EXERCISE GOAL –
Pictures excluded, output the lines of the data below between the one holding "Pharmacy Showcases & Counters" and the one holding "山顶无限美景 图片压缩过了 质量不好 原图改小 没做任何调整.jpg", inclusive, exactly as they stand.

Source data
■ ■ ■ ■ ■

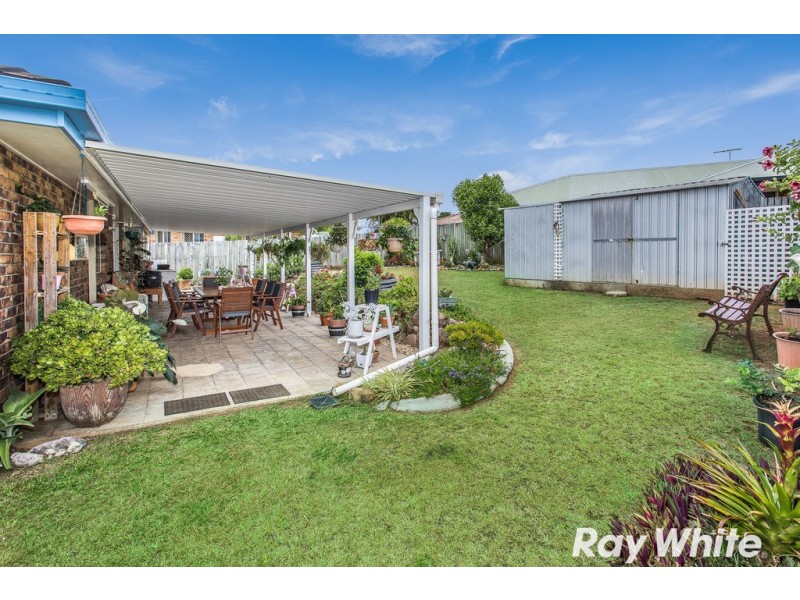 25 Winter Rd, Kallangur QLD 4503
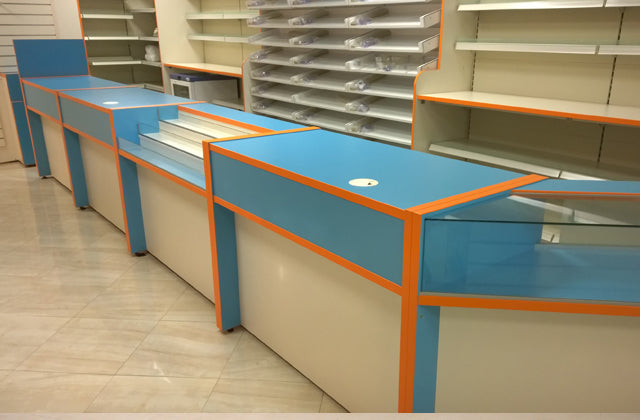 Pharmacy Showcases & Counters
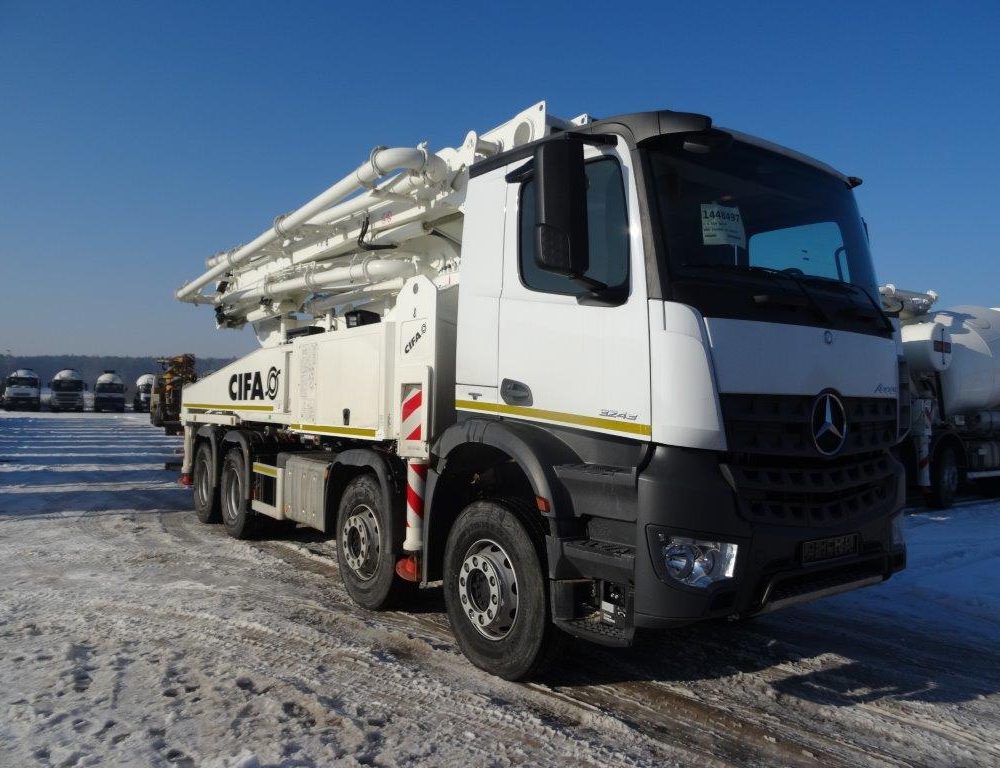 Mercedes Benz Arocs 3243 8x4 - Pompe à béton Cifa K42L XRZ 1608EC - 2017 Euro 6 - 430CV_3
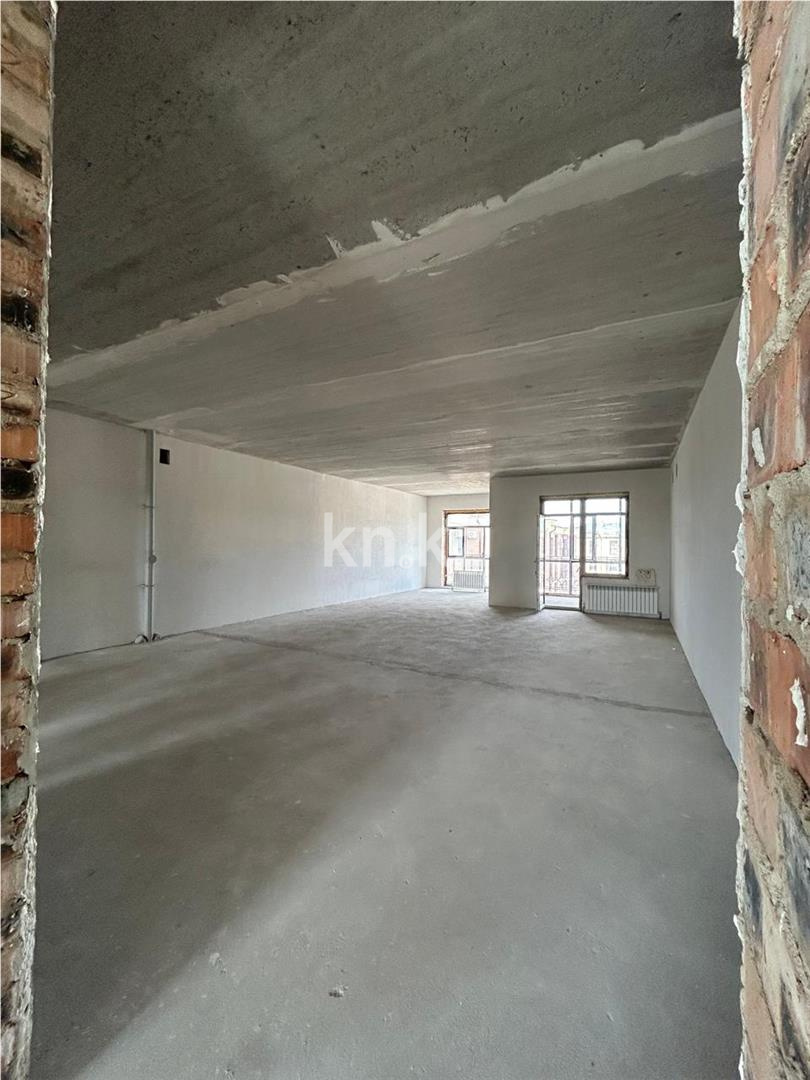 Продажа 4-комнатной квартиры, 149 м², ул. Жанибекова, дом  53 в Караганде - фото 7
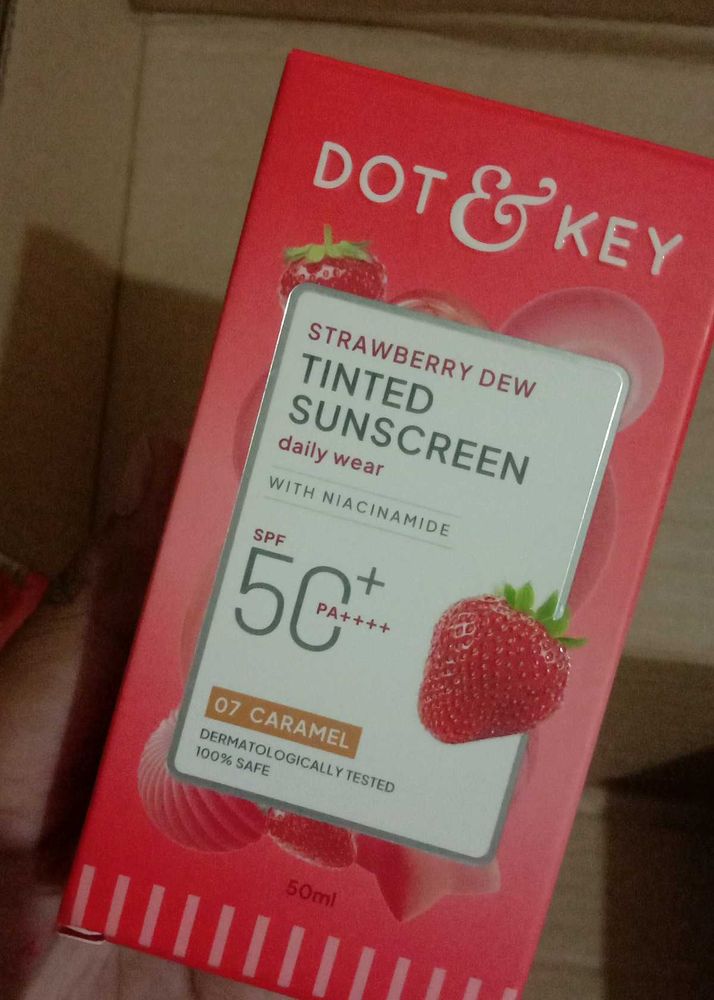 Dot &amp; Key Strawberry Dew Tinted Sunscreen SPF 50+
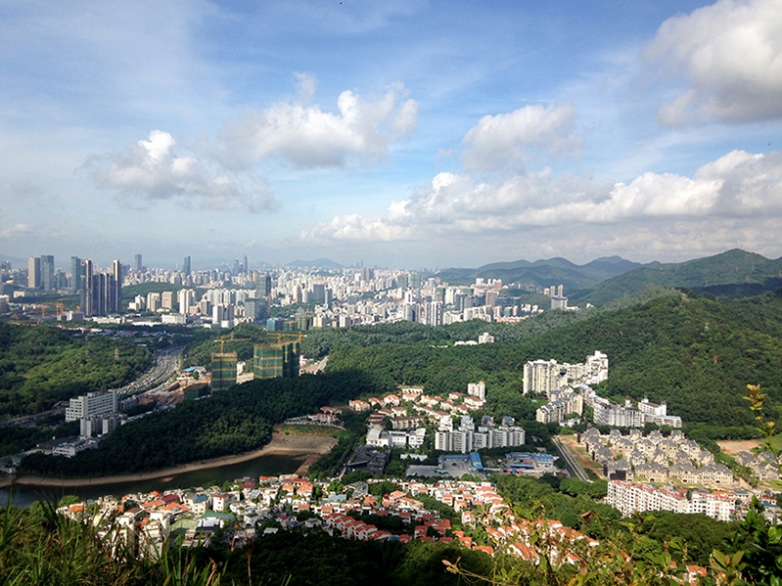 山顶无限美景 图片压缩过了 质量不好 原图改小 没做任何调整.jpg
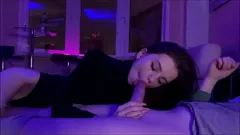 Afspelen Sensuele brunette tiener wordt in haar strakke kont geneukt door een grote lul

■ ■ ■ ■ ■

THE COMPLETED TASK –
 Pharmacy Showcases & Counters
 Mercedes Benz Arocs 3243 8x4 - Pompe à béton Cifa K42L XRZ 1608EC - 2017 Euro 6 - 430CV_3
 Продажа 4-комнатной квартиры, 149 м², ул. Жанибекова, дом  53 в Караганде - фото 7
 Dot &amp; Key Strawberry Dew Tinted Sunscreen SPF 50+
 山顶无限美景 图片压缩过了 质量不好 原图改小 没做任何调整.jpg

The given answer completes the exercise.